Family Friday: Uphill vs Downhill Parenting

Published about 1 month ago • 3 min read


Family Friday Newsletter - 2 min read

by: Finley Robinson


A Single Sentence from a Season Ahead

Twenty years ago, as a young father, I copied down these 6 Power Phrases that every kid needs to hear from their parent.


Downhill vs Uphill

Somewhere around the time that each of my kids turned 5 or so, my wife and I blocked off a few hours on a sunny weekend and attempted to teach our kids how to ride a bike.

We went to a part of the Razorback Greenway near our house and I ran alongside them while they tried to learn how to balance without training wheels.

When those same kids were around the age of 14-15, I attempted to teach each of them how to drive a manual transmission car. We found an open parking lot and I walked them through the process of letting off the clutch and easing onto the gas on my Honda.

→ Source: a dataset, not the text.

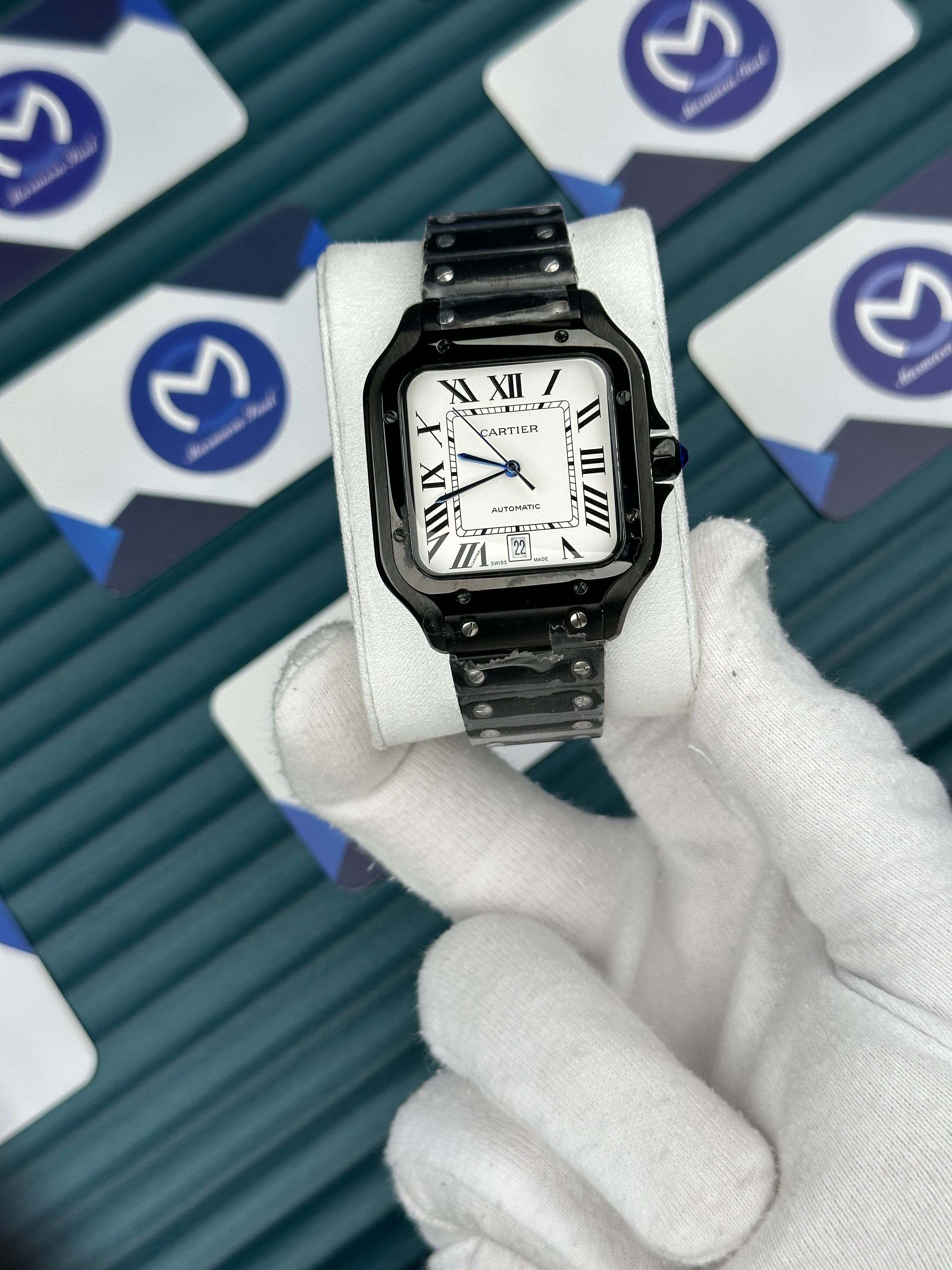 Cartier Santos Siyah Bilezik Beyaz Kadran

I was successful in teaching them how to ride a bicycle 🚴
I was unsuccessful in teaching them how to drive a stick shift 🚗

When you teach kids how to ride a bike or drive a manual transmission (not that your kids will ever experience that!) it helps so much to point the wheels slightly downhill. Gravity and momentum are your friends.

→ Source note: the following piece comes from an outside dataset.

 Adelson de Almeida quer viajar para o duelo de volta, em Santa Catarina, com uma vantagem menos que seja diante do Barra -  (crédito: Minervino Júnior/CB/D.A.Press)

Uphill is much much harder on both.... so too is the correlation to your power-decade of parenting.

The feeling you have the majority of the time is that you are working uphill as a mom or dad. It is hard work, but I promise it's an investment worth making.

Between birth and graduation, the ages of 3-13 are the most opportunistic years you have with your kids. From the questions they will ask, to the volume of time spent together, to the transitions they make, this decade is so powerful and full of lifelong family potential, but it's uphill work.

Uphill Responsibilities

Here is what we discovered about your season of parenting. When I say uphill responsibilities, I don't mean the daily duties of running a family. Yes, you have to do laundry, pay bills, and shop for groceries.

Uphill parenting means investing emotional and physical energy into your kids. You are pushing, pulling, correcting, and corralling on a regular basis.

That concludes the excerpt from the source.